Here are our drying mother/daughter pots. Audrey's is in the foreground. (Right now they are sitting on the kitchen island waiting until I get the laundry done and house cleaned up to find a proper home. I'm not sure what they will hold, but sometimes I think that the use isn't nearly as important as how they came to be and where they've been).



The trip to Miss Patti's 1880s Settlement. This place has a bit of everything: amazing food served at Miss Patti's or Bill's Restaurants; a putt-putt course; a wedding chapel; model boat racing; movies played outdoors on Friday and Saturday nights; oh, and animals like peacocks. I just couldn't get over how vibrant this peacock's feathers were (and couldn't help but wonder, would we have believed we could create such vibrant colors if we hadn't seen them in nature first?).



Oh, and Jason and I were the only ones who didn't get the memo. It was family wears stripes night at Patti's.


Each year, a fireworks show is shot from the lake's public beach - showers of light reflected by lake water. Boats crowd the water's surface, adding their own red and blue lights to the show, punctuating the night between firework blasts with the approving sound of honking horns. This year, the show was sponsored by local businesses and performed on the Third rather than the Fourth. We spent a rainy Fourth evening tucked safely under the wooden beams of my parents' hotel room, making our own "fireworks" show of sorts when Mamaw pulled out a package of bendable glowsticks.



It was a full trip: golf for Jason; plenty of swimming, playground time, and hikes for Audrey; and even a few solitary run/walks along the water for me. Some quiet. Some fireworks. Some sunshine. Some rain. And one car full of exhausted riders and dirty laundry for the long drive home. Lots of memories, and a few lessons from our first vacation at the two-and-a-half-year-old stage. Here they are, in no particular order:


Always unpack your luggage the night you get home. Always. Even if it's midnight and you're exhausted. No matter what.

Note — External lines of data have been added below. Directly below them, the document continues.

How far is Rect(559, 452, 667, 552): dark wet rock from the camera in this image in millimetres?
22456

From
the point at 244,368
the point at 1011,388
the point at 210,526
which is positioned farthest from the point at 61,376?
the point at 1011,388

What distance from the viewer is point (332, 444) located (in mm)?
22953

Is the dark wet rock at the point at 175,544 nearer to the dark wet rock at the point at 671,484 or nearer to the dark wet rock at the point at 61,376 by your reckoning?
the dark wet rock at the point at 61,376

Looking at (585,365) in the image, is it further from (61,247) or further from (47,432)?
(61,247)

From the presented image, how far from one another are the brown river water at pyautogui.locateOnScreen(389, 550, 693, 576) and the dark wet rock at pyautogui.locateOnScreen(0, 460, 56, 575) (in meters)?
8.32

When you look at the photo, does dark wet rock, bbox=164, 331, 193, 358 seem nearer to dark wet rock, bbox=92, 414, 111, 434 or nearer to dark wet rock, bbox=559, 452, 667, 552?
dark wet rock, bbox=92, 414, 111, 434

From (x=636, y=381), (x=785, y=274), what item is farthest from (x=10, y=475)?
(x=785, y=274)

Otherwise, your child might find the bag containing the sunscreen before you do, and to a toddler, sunscreen is as good of an artistic medium as any.


Be prepared to decipher old vocabulary words said in new ways in case your observant/absorbent child picks up the language of the locale that you visit. These are a few things we heard on the way home:

"Tah-hyme oww-oot" (time out)
"Dah-dee" (Daddy)
"Nah-howw" (now)


If you bring healthy snacks, you won't feel so bad when the only thing your child wants to eat at each meal is french fries or ice cream.


If your child has determined to only eat ice cream at the evening buffets, watch out for adult men who get overzealous with the ice cream machine handle, causing delays in ice cream production as your child worries over her dessert, which may never come. You may need to shoestring tackle said man in order to get to machine first. Or, reintroduce your child to chocolate cake. (No ice cream-loving gentlemen were harmed in the pursuit of our desserts).


Expect changes. The outdoor park grills that were there every year for 25 years may not be there anymore when you lug out the supplies you brought to make S'mores. Adjust. Find a microwave.


Never try to cut corners to get ready for dinner faster by putting your toddler in an unfamiliar shower with you rather than giving her a bath. Head injuries (as you stand up without looking after wrestling the shampoo from her before she dumps it down the drain) are imminent. (Try to learn this the first time. Not the fifth).


Hope your weekend was full of fireworks, ice cream, good friends, and only funny lessons.